Predicting March Madness

Using Machine Learning Techniques

EECS 349 - Winter 2014

Overview

March Madness is a NCAA Division I Basketball tournament that was founded in 1939 and has been played annually since. The tournament traditionally runs from the middle of March to the end of April and features the top 68 teams from around the country.

Filling out a March Madness bracket has been somewhat of an American tradition, with a history of high offers for anyone who can fill out a perfect bracket. In 2012, Fox Sports offered $1 million to anyone who could do it, and for this upcoming season, Warren Buffett offered $1 billion. Sadly, there has been no documented case of a perfect bracket in the history of the tournament.

Our goal for this project is to accurately predict a March Madness bracket for the upcoming 2014 tournament. We will use a number of machine learning classifier models and attempt to predict the winning teams by identifying the characteristics that determine a team’s success in the tournament.

To construct our bracket, we will ask the following questions in our experiments:

Which are the most important statistics about a team that determine its likelihood to win a game?
Which classifiers will give us a model with stronger performance - decision tree, logistic regression, or another classifier?
How accurately can we predict the outcome of a game given each team’s season statistics? Is it as least better than chance (50%)?

Data

Our dataset consists of information from Statsheet’s NCAAB site for the 2012-2013 season. The set contains all 351 NCAAB D1 teams, their conference schedule games (a total of 3207 games), and their season long statistics (54 for each team). The team statistics are a combination of binary, continuous and discrete variables that we are using as a feature set to represent each individual team. A sample of the types of features that we collected include but are not limited to:

Total Games
Winning Pct
Possessions Per 40 minutes
Floor Pct
Efficiency
Field Goal Pct
Free Throw Pct

Points Per Possessions
Points Per Game
Rebound Pct
Steals
Turnovers
Blocks
Fouls

Experiment

In order to conduct our experiments, we needed to create instances representing the games that occurred from the data that we collected for the 2012-2013 season. We queried our data to find the season statistics for each team and took the difference of the stats between the respective teams (home team stats - away team stats) before appending the outcome of the game to it. This gave us a numerical representation of a game that we could use as a training example to feed into a classifier model.

Figure 1. Outline of how we constructed our training examples (not all of our features are included in this diagram).

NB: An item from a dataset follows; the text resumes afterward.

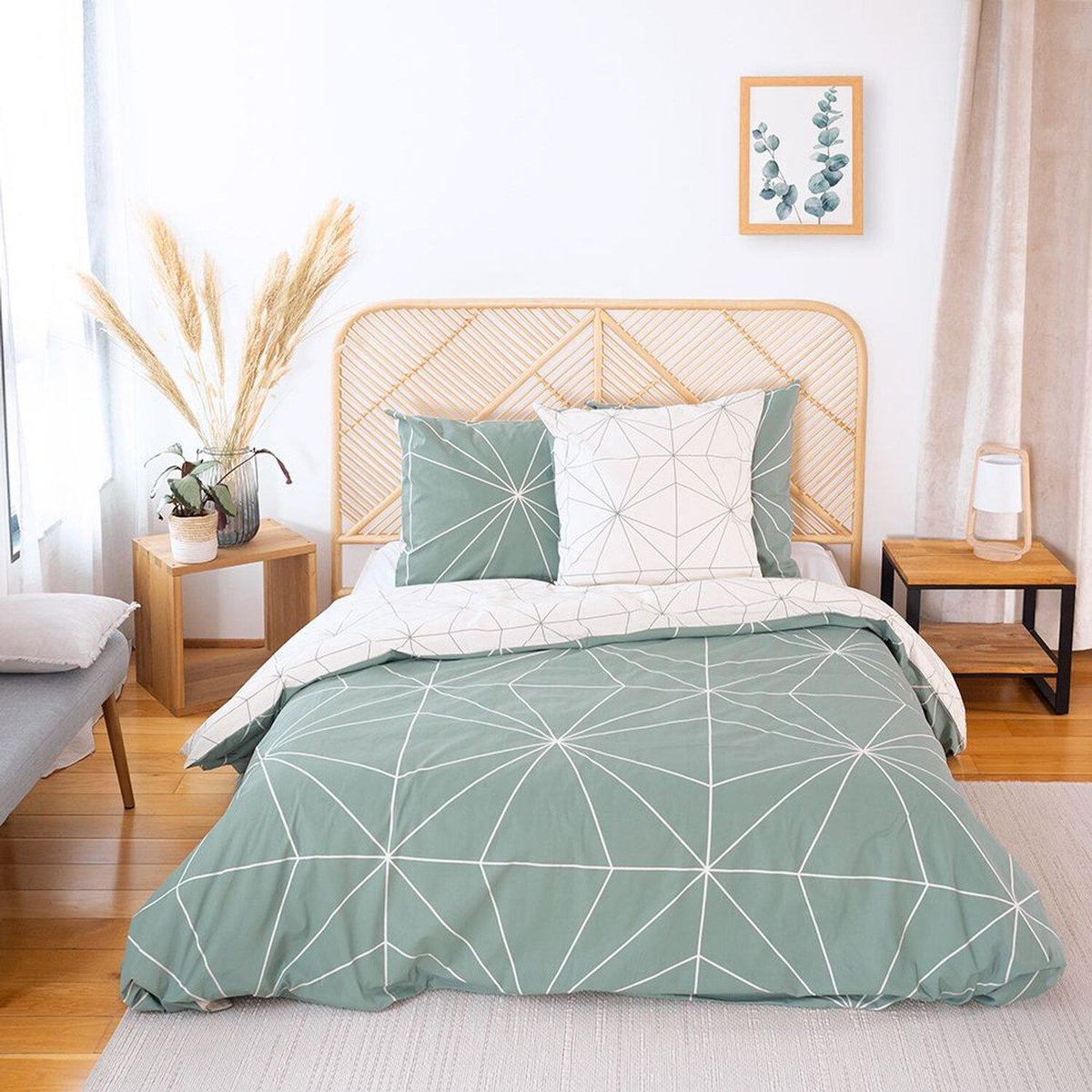 Home collection Parure housse de couette 100%coton bio 57fils milo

To test the accuracy of our models, we used the games from the 2012-2013 March Madness tournament and generated test instances following the same method as with the training examples.

Results and Analysis

Table 1. The different classifiers we tested and their results.

After trying different models, the Naive Bayes classifier had the best percentage on 2013 March Madness tournament, predicting 71.6% of the games correctly. Naive Bayes is an optimal choice for our classifier not only because it had the best percentage, but because all of our features are numeric, the nature of how Naive Bayes is calculated synchronizes with our data.

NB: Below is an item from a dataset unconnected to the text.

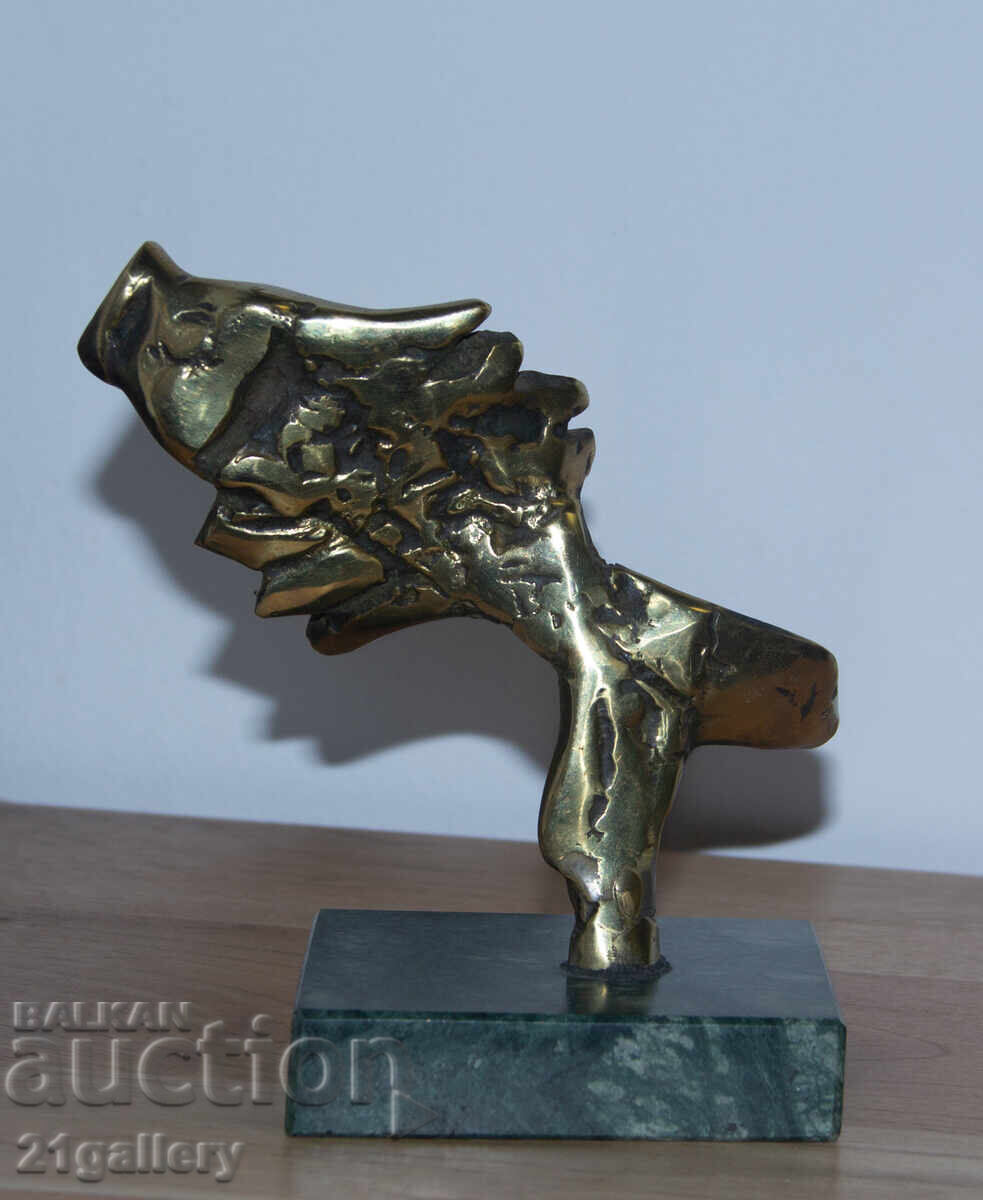 Παράδοση Αυθεντικό μπρούτζινο γλυπτό, πλαστικό στυλιζαρισμένο ψάρι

Figure 2. How our predicted outcomes performed against the actual 2013 tournament.

Conclusions

Although 71.6% isn’t a bad percentage for classifiers, it probably won’t be good enough to predict 100% accuracy for a March Madness bracket. After filling out the 2013 bracket, we can see some flaws in our predictor but some merit as well. Our classifier missed some "obvious" calls (higher ranked team vs lower ranked) but performed well in some areas (predicted a few upsets).

For future work, we should include some type of measure for how difficult a conference is to weight statistics accordingly. Additionally, if we could include player statistics also, this would probably create better accuracy, as player matchups in basketball are very important.